Hi,
When I go through the IPC code, I have some questions about dqr handler. In the remote_ipc_send function within the thread-ipc.cpp file, I find a comment
" // trigger remote_ipc_receiver_ready path, because we may need to grab locks // and this is forbidden in a DRQ handler. So transfer the IPC in usual // thread code. However, this induces a overhead of two extra IPIs."
I have some questions about this comment.
1. Why cannot we grab locks in a DRQ handler? 2. Where do we need to grab lock? 3. Why can extra IPI solve this problem?
Thank you very much. Best, Yuxin
On Tue Jun 24, 2014 at 15:43:06 -0400, Yuxin Ren wrote:
When I go through the IPC code, I have some questions about dqr handler. In the remote_ipc_send function within the thread-ipc.cpp file, I find a comment
" // trigger remote_ipc_receiver_ready path, because we may need to grab locks // and this is forbidden in a DRQ handler. So transfer the IPC in usual // thread code. However, this induces a overhead of two extra IPIs."
I have some questions about this comment.
I'm not fluent in this part but I'll try.
- Why cannot we grab locks in a DRQ handler?
Because those handlers must not block.
- Where do we need to grab lock?
When the IPC does transfer some items processing those might require to take locks, for example, when mapping pages. Will not happen for simple data-only IPCs.
- Why can extra IPI solve this problem?
Because in this case the receiver will handle the IPC instead of the sender and the IPIs are there for telling the receiver about that.
Adam
Thank you very much. I have a further question. For simple data-only IPCs, do we still need 4 IPIs?
On Thu, Jun 26, 2014 at 4:38 PM, Adam Lackorzynski < adam@os.inf.tu-dresden.de> wrote:
On Tue Jun 24, 2014 at 15:43:06 -0400, Yuxin Ren wrote:
When I go through the IPC code, I have some questions about dqr handler. In the remote_ipc_send function within the thread-ipc.cpp file, I find a comment
" // trigger remote_ipc_receiver_ready path, because we may need to grab locks // and this is forbidden in a DRQ handler. So transfer the IPC in usual // thread code. However, this induces a overhead of two extra IPIs."
I have some questions about this comment.
I'm not fluent in this part but I'll try.
- Why cannot we grab locks in a DRQ handler?
Because those handlers must not block.
- Where do we need to grab lock?
When the IPC does transfer some items processing those might require to take locks, for example, when mapping pages.
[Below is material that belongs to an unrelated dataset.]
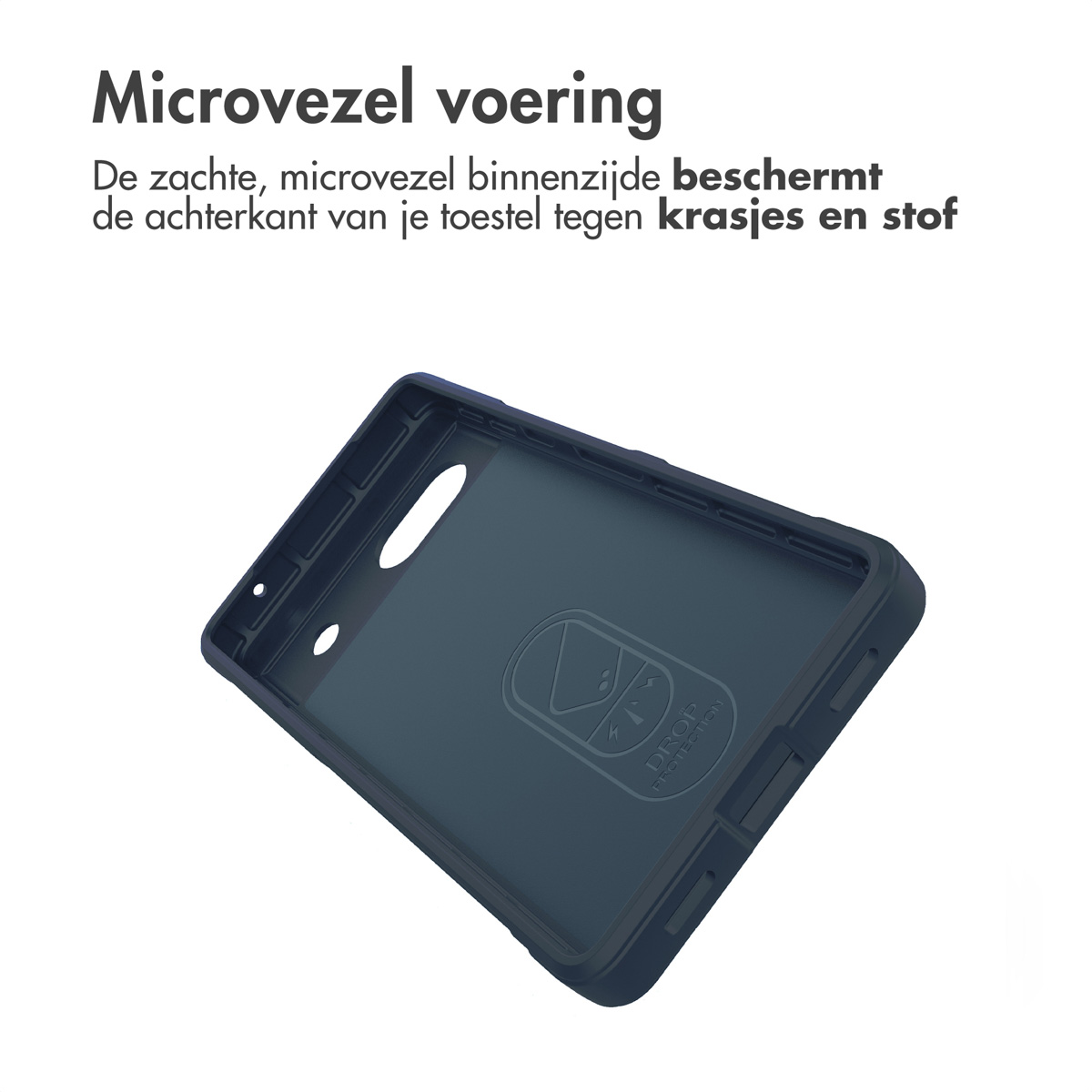 Blue phone case interior. It has a microfiber lining and the Drop Protection logo.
Will not happen for simple data-only IPCs.
- Why can extra IPI solve this problem?
Because in this case the receiver will handle the IPC instead of the sender and the IPIs are there for telling the receiver about that.
Adam
Adam adam@os.inf.tu-dresden.de Lackorzynski http://os.inf.tu-dresden.de/~adam/
l4-hackers mailing list l4-hackers@os.inf.tu-dresden.de http://os.inf.tu-dresden.de/mailman/listinfo/l4-hackers
On Fri Jun 27, 2014 at 10:21:38 -0400, Yuxin Ren wrote:
Thank you very much. I have a further question. For simple data-only IPCs, do we still need 4 IPIs?
I'm still not fluent but 4 are too many.
Adam
Hi
I found this code is pretty hard to understand. I have learned it for more than a week, but made little progress. I measured the cross core IPC cost, and from the result, it looks like there is only two IPIs, at least for simple data-only IPC. But I cannot make sure this based on the code. Could you give me more hints about this?
Thanks so much,
Best
On Tue, Jul 1, 2014 at 5:44 PM, Adam Lackorzynski <adam@os.inf.tu-dresden.de
wrote:
On Fri Jun 27, 2014 at 10:21:38 -0400, Yuxin Ren wrote:
Thank you very much. I have a further question. For simple data-only IPCs, do we still need 4 IPIs?
I'm still not fluent but 4 are too many.
Adam
Adam adam@os.inf.tu-dresden.de Lackorzynski http://os.inf.tu-dresden.de/~adam/
l4-hackers mailing list l4-hackers@os.inf.tu-dresden.de http://os.inf.tu-dresden.de/mailman/listinfo/l4-hackers
On Mon Jul 07, 2014 at 11:15:27 -0400, Yuxin Ren wrote:
I found this code is pretty hard to understand. I have learned it for more than a week, but made little progress. I measured the cross core IPC cost, and from the result, it looks like there is only two IPIs, at least for simple data-only IPC. But I cannot make sure this based on the code. Could you give me more hints about this?
I think you should be looking more closely at the DRQ functionality. Did you play with the logging options that are there (shift-O in jdb)? You can also add you own logs with "LOG_MSG(current(), "text");" or with some values using LOG_MSG_3VAL. You can then look at the trace in jdb via shift-T and thus follow what the code is doing.